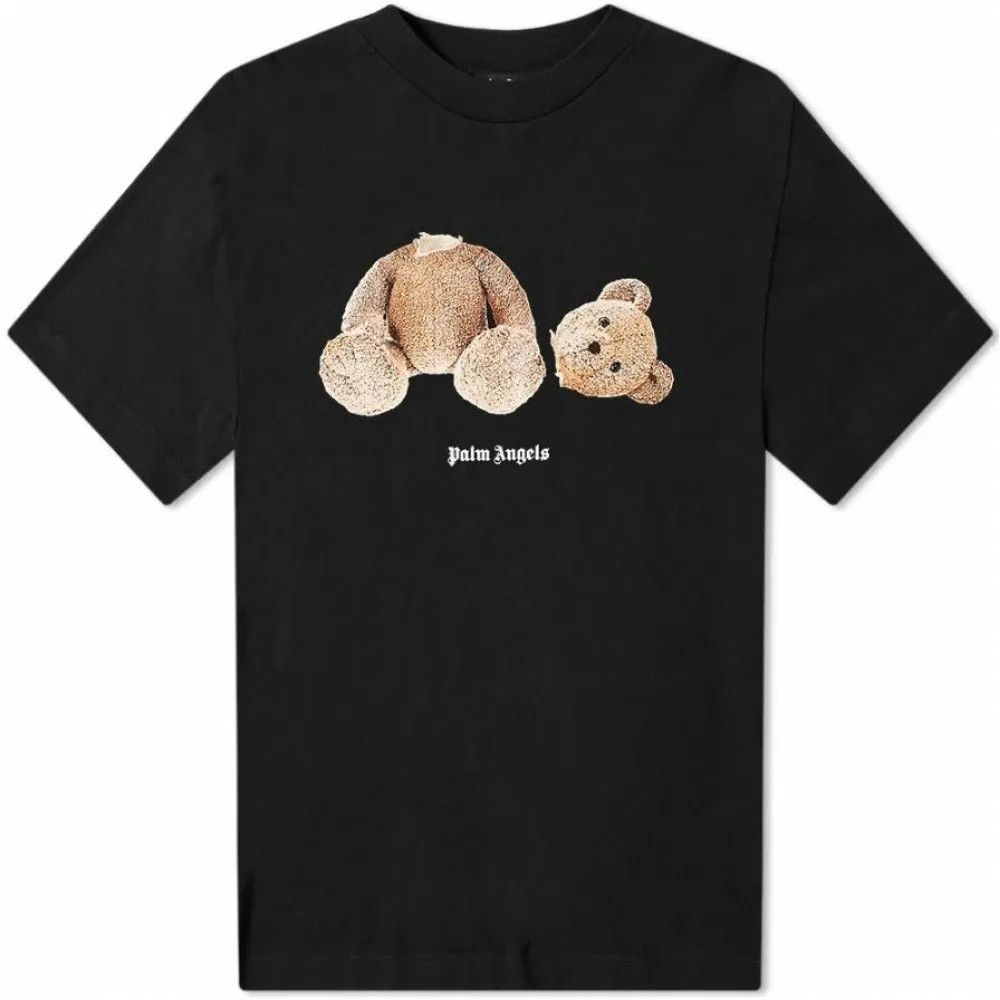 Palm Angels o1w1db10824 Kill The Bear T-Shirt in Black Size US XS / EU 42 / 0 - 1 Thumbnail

:::

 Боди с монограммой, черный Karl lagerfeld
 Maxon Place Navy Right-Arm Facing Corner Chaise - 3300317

:::

_Requirement_:
Give back exactly the lines above, from the line containing "Боди с монограммой, черный Karl lagerfeld" through the line containing "Maxon Place Navy", with both end lines and nothing more.

_Answer section_:
 Боди с монограммой, черный Karl lagerfeld
 Maxon Place Navy Right-Arm Facing Corner Chaise - 3300317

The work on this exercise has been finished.